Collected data
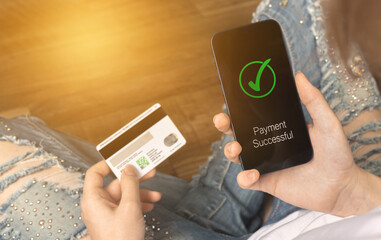 Businesswoman paying her bills with smartphone and credit card. Mobile phone with payment successful inscription screen and credit card in hand. Work from home concept photo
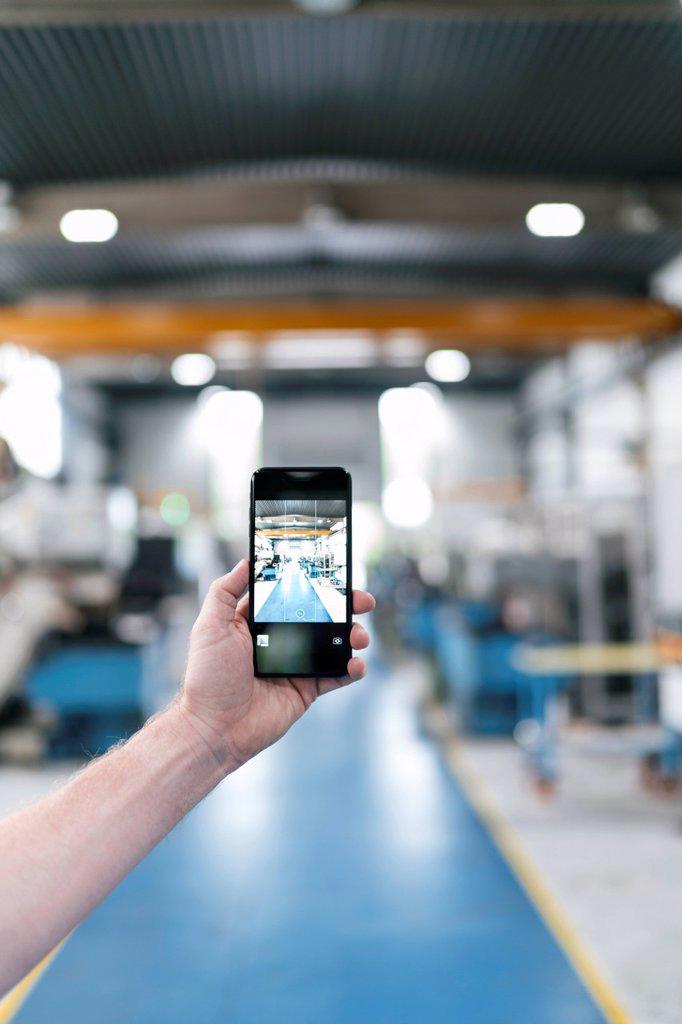 Hand holding smartphone in a factory workshop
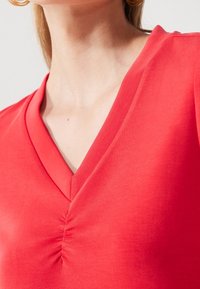 Top rojo de cuello en V con un detalle fruncido en el centro. Hecho de una tela suave, presenta una forma ajustada que realza el escote.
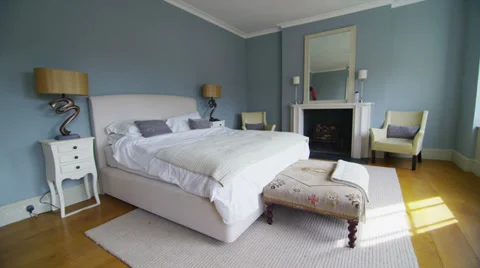 View of elegant bedroom in a stylish, classical home with a contemporary feel Stock Footage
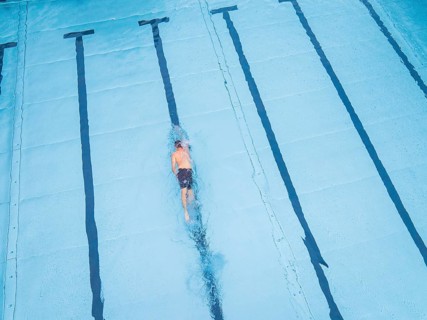 A single swimmer in the pool, calmly and steadily swimming his laps, Calw outdoor pool, Black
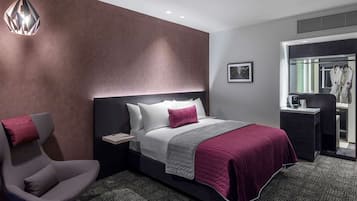 A modern hotel room with a large bed, a bedside table, a chair, and a wardrobe.
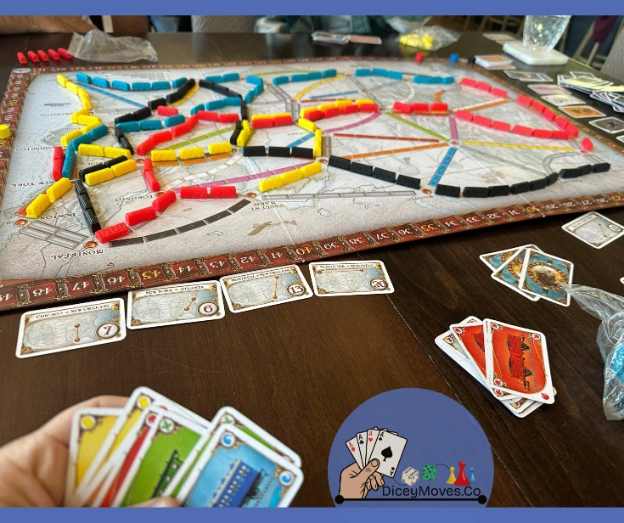 a game of ticket to ride almost finished with a board full of train routes and some remaining cards in hand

AIM OF THE EXERCISE — Nothing should appear in the answer except the lines from the first line of the data through the line holding "A single swimmer", exactly as written, with pictures left out.

ANSWER BOX —
 Businesswoman paying her bills with smartphone and credit card. Mobile phone with payment successful inscription screen and credit card in hand. Work from home concept photo
 Hand holding smartphone in a factory workshop
 Top rojo de cuello en V con un detalle fruncido en el centro. Hecho de una tela suave, presenta una forma ajustada que realza el escote.
 View of elegant bedroom in a stylish, classical home with a contemporary feel Stock Footage
 A single swimmer in the pool, calmly and steadily swimming his laps, Calw outdoor pool, Black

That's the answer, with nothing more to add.